The Senate gave unanimous approval late Wednesday to a historic $2 trillion economic stimulus package that calls for direct payments to taxpayers and hundreds of billions in relief for small businesses and targeted industries impacted by the COVID-19 crisis, like airlines.

The 96-0 vote capped days of bitter debate and contentious negotiating that included two party-line votes that had stalled the bill Sunday and again Monday.

By early Wednesday, Senate and White House negotiators had agreed on a package that increases unemployment benefits from three months to four, adds $55 billion for health care and $150 billion for local, state and tribal coronavirus relief.

That deal was almost upended at the last minute by Republican senators who said the unemployment benefits – an additional $600 per week for up to four months – would let workers stay home during the pandemic and collect $24 an hour for not working.

“There are people getting paid more not to work than they were in the workforce,” said Sen. Lindsey Graham, R-S.C., on the floor of the Senate. “It’s going to be hard to not incentivize people to leave their job.”

But an amendment to limit the unemployment benefits failed 48-48 late Wednesday before the Senate approved the final version 96-0 shortly before midnight. Sen. Martha McSally, R-Arizona, voted for the amendment and Sen. Kyrsten Sinema, D-Arizona, voted against it before both voted for the final measure.

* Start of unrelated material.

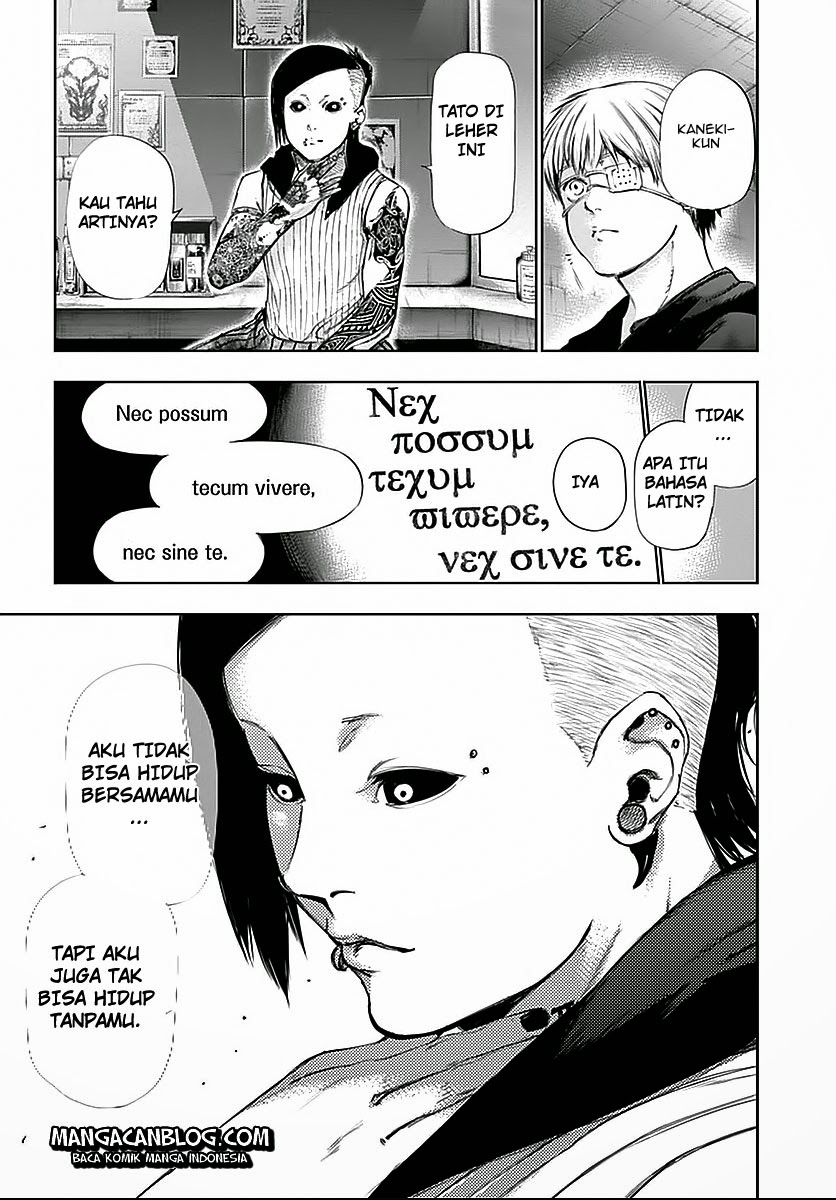 Tokyo Ghoul Chapter 113 Gambar 15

The vote ended days of wrangling that started last week and stretched over the weekend. Democrats had complained that Republicans’ original proposal threw too much money at large corporations with too few restrictions, while Republicans accused Democrats of using the emergency legislation to push a liberal wish list unrelated to COVID-19.

The revised package also includes $10 billion for the Small Business Administration to provide immediate grants of up to $10,000 to help businesses pay operating costs, another $17 billion to cover small business loan payments for up to six months, $30 billion in emergency education funds and more than $10 billion for Indian Health Services.

The bill now goes to the Democrat-controlled House, which earlier this week presented a 1,400-page counter-proposal of its own that would boost funding to hospitals, include $60 billion for schools and billions in grants for election security.

House Speaker Nancy Pelosi said in a statement before Wednesday’s vote that while the final Senate bill had moved “from corporations-focused to workers-first,” it did not go as far as Democrats proposed in their Take Responsibility for Workers and Families Act.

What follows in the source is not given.